I approach food the same way.  I take pleasure in food shopping and preparing healthy meals for my family.  I make a point to buy in season, local, and a wide variety of foods for my kids.  This is normal in my house.  We eat a varied diet, and I always encourage my small children to try new foods.  Meal preparation is unlimited.  (Sometimes daunting, but nonetheless a blank canvas awaiting to be filled.)  I crave finding, making and serving new foods for my family to enjoy.  Bedsides, if we can’t exposure our kids to new foods at home, how can we ever expect kids to branch out when out of the house?  I worry that kid food begets kid food, and picky eating habits are enforced.

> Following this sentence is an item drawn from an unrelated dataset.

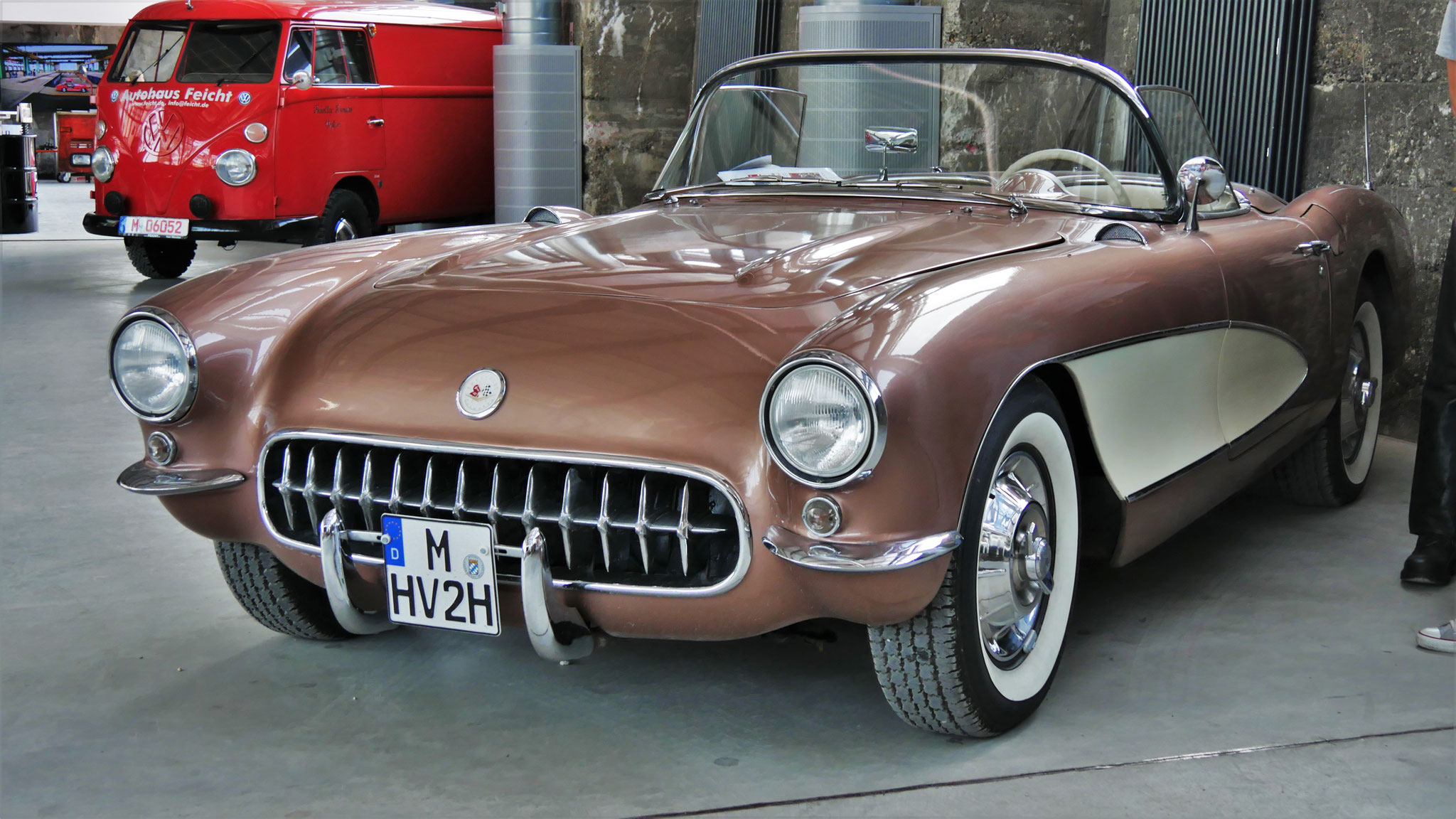 Chevrolet Corvette C1 - M-HV2H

Interestingly, I have discovered that while parents genuinely struggle with providing varied healthy meals for their children, there has been a growing trend of “pure” eating among adults.  Self limiting foods that we consider “bad.”  We want so badly to do right by our children, that we have grown overly conscientious of what we put in our mouths.  Is it that we are finally listening to the growing obesity rate statistics in this country?  Or is it possible we have taken it too far?

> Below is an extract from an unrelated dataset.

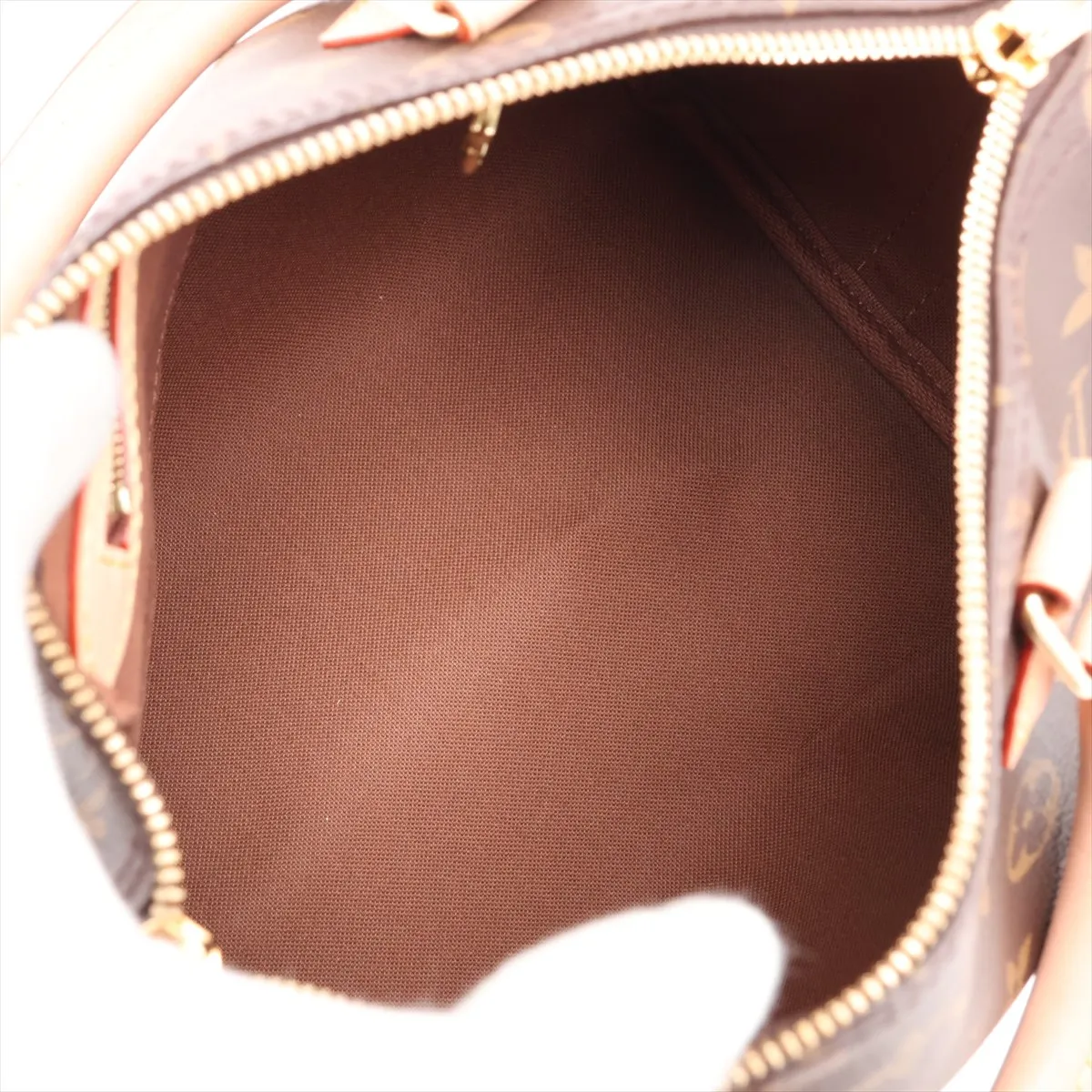 Monogram Speedy Bandoulière 25 M46977 Brown (RFID detected) — view 8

I’m sure you have met the adults who have cut out all sugar, all fruits, all gluten, all dairy, all meat, all carbohydrates, all starch, all Doritos*.  (Speaking for myself, I am a vegetarian 90% of the time, and I ration Doritos to maybe once every two years.)  Lets face it, we all have our reasons for the food choices we make.  But to what degree is this healthy, and to what degree is this abusive?

I want to share a good article that was published yesterday about a new disordered eating habit called Orthorexia.  This is defined as “an unhealthy fixation on eating only healthy or “pure” foods.”  (Source: Orthorexia: An Obsession with Eating Pure)

I am glad that the Academy of Nutrition and Dietetics (the world’s largest organization of food and nutrition professionals) posted this article to inform us of this new dieting trend.  Perhaps its a sign that mixed messages in food marketing is driving people crazy.  Perhaps we, nutrition experts, are not doing a good job helping to disseminate clear information about healthy eating.  Perhaps each food recall or discovered chemical warning is driving us to abandon food all together.

Do me a favor.  If you have questions about eating, please consult your nearest Registered Dietitian.  Until then, focus on eating more vegetables, plant-based protein sources, and a varied diet.  Your body will thank you.

~ Emma

* Please note, there are some very real medical conditions where certain foods and food groups need to be limited, and I am not referring to those in this blog post.